_Problem to solve:_ Transcribe the data that follows in full. Leave out the pictures.

_Dataset content:_
※ ※ ※

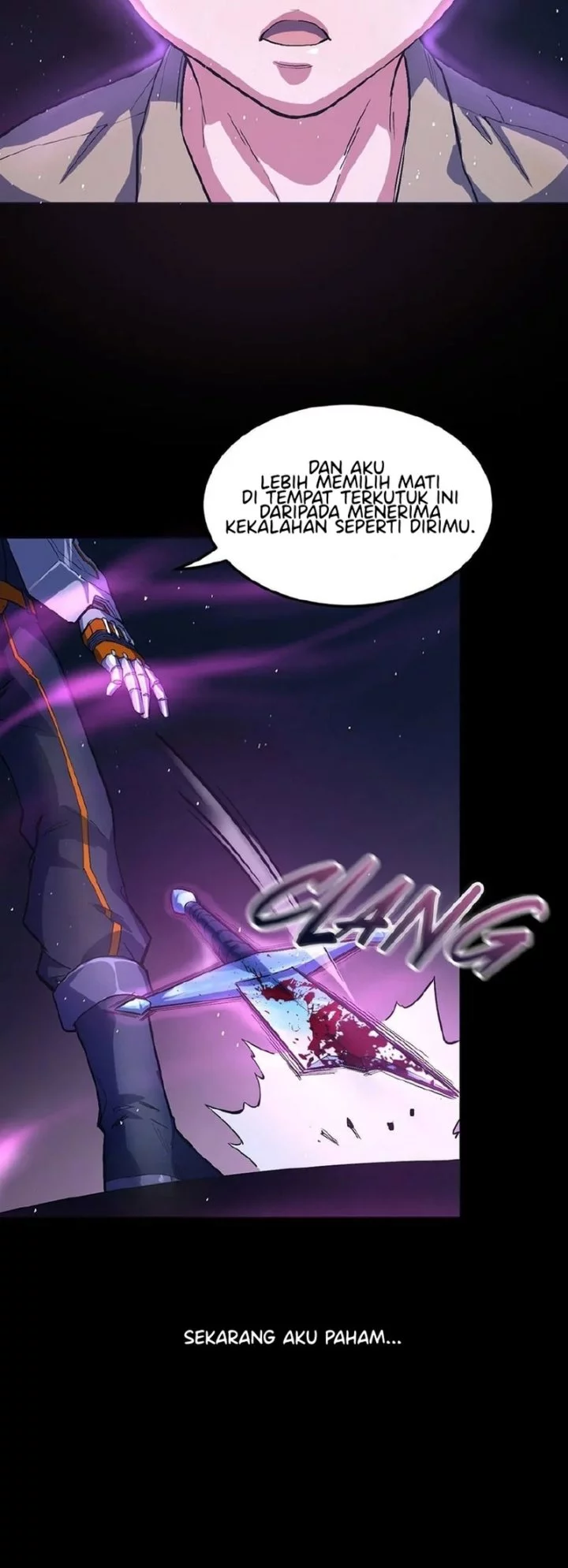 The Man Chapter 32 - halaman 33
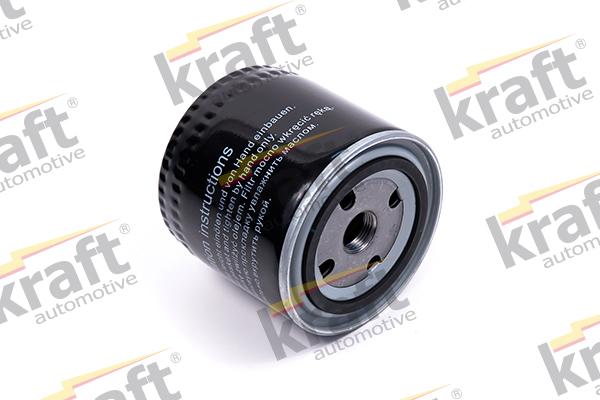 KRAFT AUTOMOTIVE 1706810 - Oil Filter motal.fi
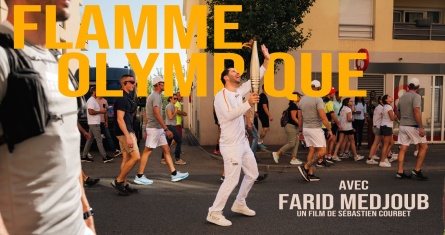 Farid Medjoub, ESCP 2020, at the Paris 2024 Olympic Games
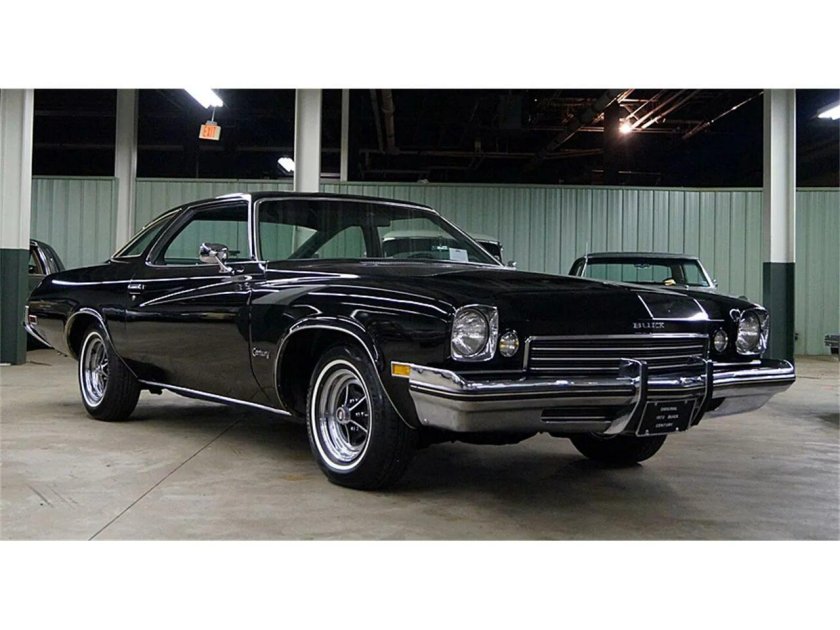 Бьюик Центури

※ ※ ※

_Finished exercise:_
 The Man Chapter 32 - halaman 33
 KRAFT AUTOMOTIVE 1706810 - Oil Filter motal.fi
 Farid Medjoub, ESCP 2020, at the Paris 2024 Olympic Games
 Бьюик Центури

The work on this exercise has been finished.